Non finitely presented subgroup

Consider the kernel of the homomorphism from two copies of the free group $F_2 \times F_2$ onto the integers sending every generator to 1. How to see that this subgroup is not finitely presented?

-
Sorry, what's $F_2$? Surely not the field of two elements? – Gerry Myerson Apr 28 '11 at 9:06
Surely the free group of rank 2. – PseudoNeo Apr 28 '11 at 10:30
This looks related: mathoverflow.net/questions/54975/… – mac Apr 28 '11 at 11:14
Ah, I mis-parsed it.
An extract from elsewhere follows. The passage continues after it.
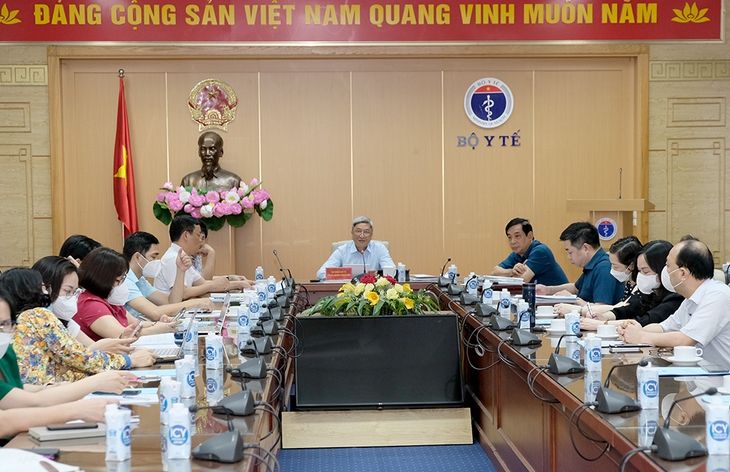 Bộ Y tế cùng các chuyên gia thảo luận về xây dựng danh mục kỹ thuật, quy trình kỹ thuật... khám chữa bệnh - Ảnh 1.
It's not, "two copies of (the free group $F_2\times F_2$)," it's that $F_2\times F_2$ is two copies of the free group $F_2$. So, what are the generators of $F_2\times F_2$? – Gerry Myerson Apr 28 '11 at 13:25

What I have done is to calculate an (infinite) presentation of the kernel $K$ in question. Let the two copies of $F_2$ be generated by $\{a,b\}$ and $\{x,y\}$. Then $K$ is generated by $B := ba^{-1}$, $X := xa^{-1}$ and $Y := ya^{-1}$. Using a reasonably straightforward Reidemeister-Schreier calculation, we get the presentation
$\langle\, X, Y, B \mid [B,(YX^{-1})^{X^i}]\: (i \in \mathbb{Z})\, \rangle$
of $K$, which is an HNN-extension of the free group $\langle X,Y \rangle$ with stable letter $B$, where the subgroup generated by $(YX^{-1})^{X^i}$ for $i \in \mathbb{Z}$, which is not finitely generated, is centralized by $B$.
Edited: To show that $K$ is not finitely presentable, it is enough to show that any group $K'$ defined by a presentation using a finite subset of the relators in the above presentation is unequal to $K$. Notice that $K'$ is also an HNN-extension of $\langle X,Y \rangle$ by $B$, but the subgroup of $\langle X,Y \rangle$ centralized by $B$ is finitely generated, and so is a proper subgroup of the subgroup centralized by $B$ in $K$. So $K \ne K'$ and hence $K$ is not finitely presentable.